CHICO, Calif. - Chico State University's Director of the School of Education believes a Tehama County Superintendent candidate's claims to have the equivalent to a master's degree from the university is a misrepresentation of information.
Over the past 15 years, close to 500 students have received a master's degree in education from Chico State University.
"Primary program for educational leadership and administration and we do take a lot of pride in that," said Dr. Deborah Summers, Ed.D., Director of the School of Education.
Summers has served as the director for the past ten years, and has been in the field of education for more than 30.
"We need to preserve the integrity of our programs and degrees," said Summers.

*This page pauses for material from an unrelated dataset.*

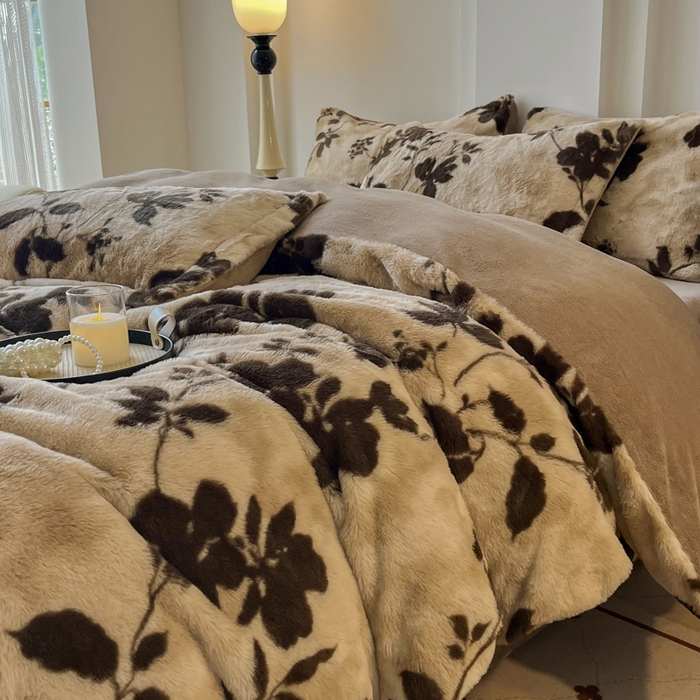 91家纺网 家纺一手货源 找家纺 梦莱斯 2025新款亲肤舒适兔毛印花牛奶绒保暖四件套一美拉德系 咖啡大花朵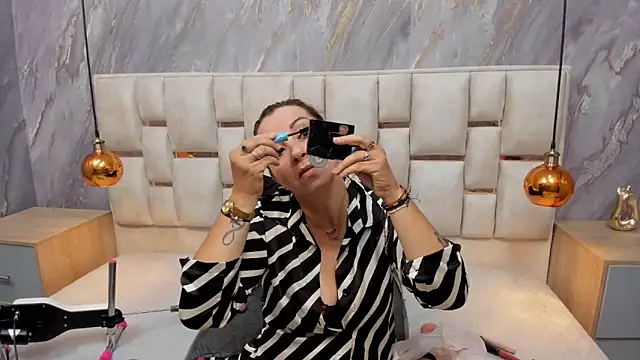 Milf Drip online show from 1, 6, 2026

So when Summers heard that Charles Allen claimed to have a master's degree from the department she was shocked.
"He does not have what I would consider to be an equivalent," said Summers.
In 1997, Allen completed the courses for a Preliminary Administrative Services Credential and then in 2004, a Clear Preliminary Administrative Services Credential. This allowed him to act as an administrator in a K-12 setting. From Allen's records, it shows he intended to go for the master's program, but never finished the essential requirements.
"It's everything, that's the difference between taking courses and being persistent and committed and achieving excellence within a certain discipline," said Summers.
Since this is considered a rigorous program, Summers said it's not uncommon for people to drop out. However, she has never seen anyone claim to have a master's degree or equivalent when they didn't in fact meet the criteria.
"Devalues the degree for all those who persist. In part, it is about the discipline, the persistence. It's about the level of achievement and rigor and it makes me sad," said Summers.
The election for Tehama County Superintendent is on June 3, 2014. KRCR News Channel 7 reached out to Charles Allen's office for comment on this story, but have not heard back.